- Exercise instructions -
A faithful copy is needed of the lines below from the one with "So there you" up to and including the one with "You'll see that"; set it down with no pictures and no other lines.

- Data extract -
--------------------------------
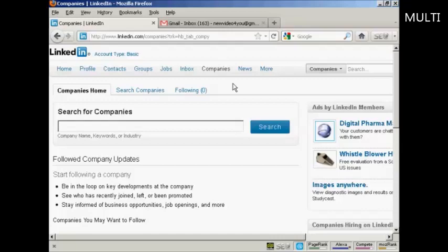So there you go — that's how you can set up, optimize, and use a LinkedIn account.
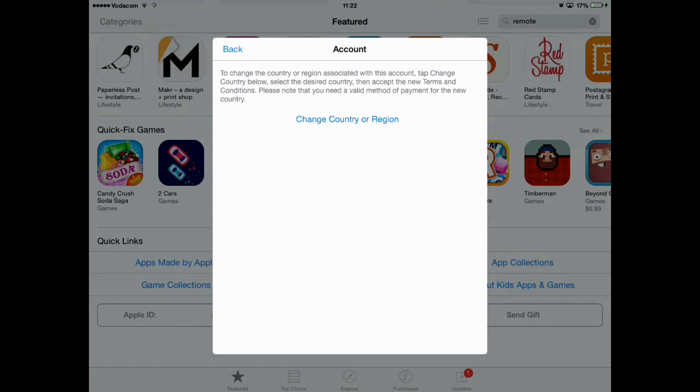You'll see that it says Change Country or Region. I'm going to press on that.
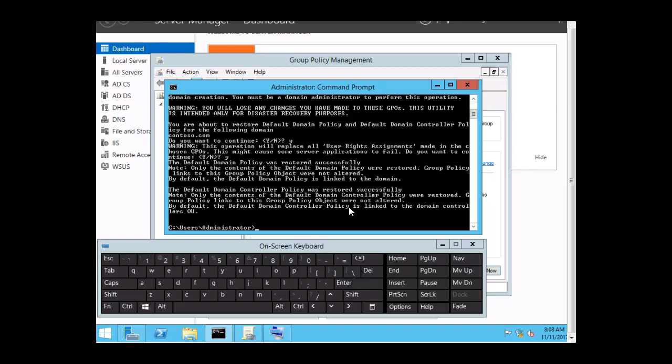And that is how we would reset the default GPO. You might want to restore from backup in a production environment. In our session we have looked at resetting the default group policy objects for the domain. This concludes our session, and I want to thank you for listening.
--------------------------------
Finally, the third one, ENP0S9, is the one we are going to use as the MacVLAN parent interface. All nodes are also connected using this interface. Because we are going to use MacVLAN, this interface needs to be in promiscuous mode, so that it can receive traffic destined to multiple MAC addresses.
--------------------------------
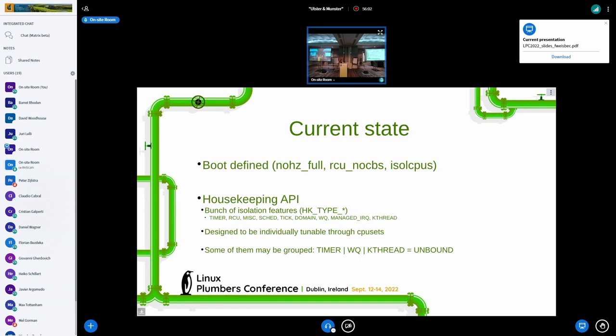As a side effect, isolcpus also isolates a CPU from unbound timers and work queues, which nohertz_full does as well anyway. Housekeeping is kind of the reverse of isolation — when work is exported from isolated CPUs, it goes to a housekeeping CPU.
--------------------------------
- Result of the exercise -
So there you go — that's how you can set up, optimize, and use a LinkedIn account.
You'll see that it says Change Country or Region. I'm going to press on that.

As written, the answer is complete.